With Singapore's rapidly ageing population and the changing demographics of our seniors in the next two decades, it is timely for all stakeholders - policymakers, practitioners, seniors home operators, service providers and the community - to regroup and rethink the next model of care for our seniors group homes ("Seniors' home scheme under review"; June 10, and "Seek balance in seniors' home"; Tuesday).
Ideally, every one of us should grow old with our loved ones and families in the comfort and familiarity of our own home.
However, in reality, there are various circumstantial reasons as to why seniors choose to live alone - estranged familial relations, or the desire to be independent or have personal space.
In line with our national directive to promote ageing in place, AWWA Senior Community Home started as a sheltered home with 20 residents in 1976. Today, it is home to 140 seniors without family support or next of kin, occupying the first four levels of a rental block in Ang Mo Kio.
Through a transdisciplinary team of nurses on duty 24/7, social workers and other care staff, we operate at full capacity, with around seven referrals a month.
We take a collaborative approach with our seniors and empower them to be independent and take charge of their lives, regardless of their health status or physical ability.
Though many of our seniors started off as lonely and rejected strangers, we have witnessed many of them forging lasting friendships and caring for one another selflessly in times of adversity, such as deteriorating health or sickness.
Some even found their second chance at love - four couples met and married at the home.
We have also witnessed camaraderie among the seniors who have bonded and who look out for one another, injecting warmth, instilling a sense of "home away from home" and bringing out the true meaning of ageing in place.

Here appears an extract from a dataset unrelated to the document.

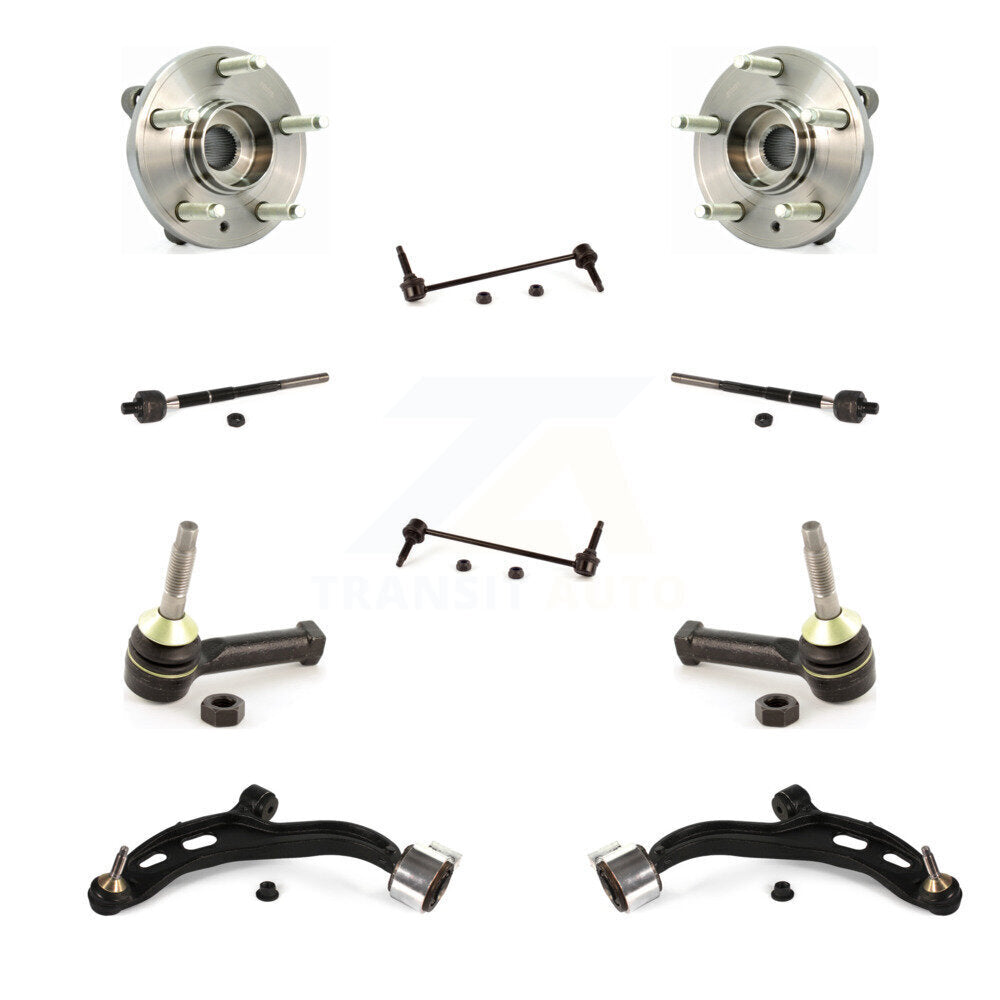Hub Bearing Lower Control Arm Outer Inner Tie Rod Link Front Kit For Lincoln MKT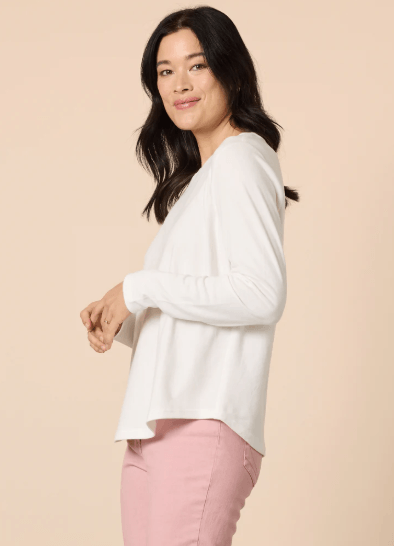 Brushed Cotton Crew Neck Top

AWWA could not have done it alone. We have the support of numerous volunteers from the neighbourhood, schools, corporate organisations and well-meaning individuals. This is about how a community comes together to support lonely seniors and reintegrate them into the community as valued members of society.
With the Government's ongoing efforts in enhancing social care programmes to encourage seniors' social interaction and participation in the community, the same can be applied to seniors group homes.
We can look beyond the hardware, building the "heartware" with a strong focus on social and psychosocial aspects, to ensure a seamless continuum of care for our next generation of seniors.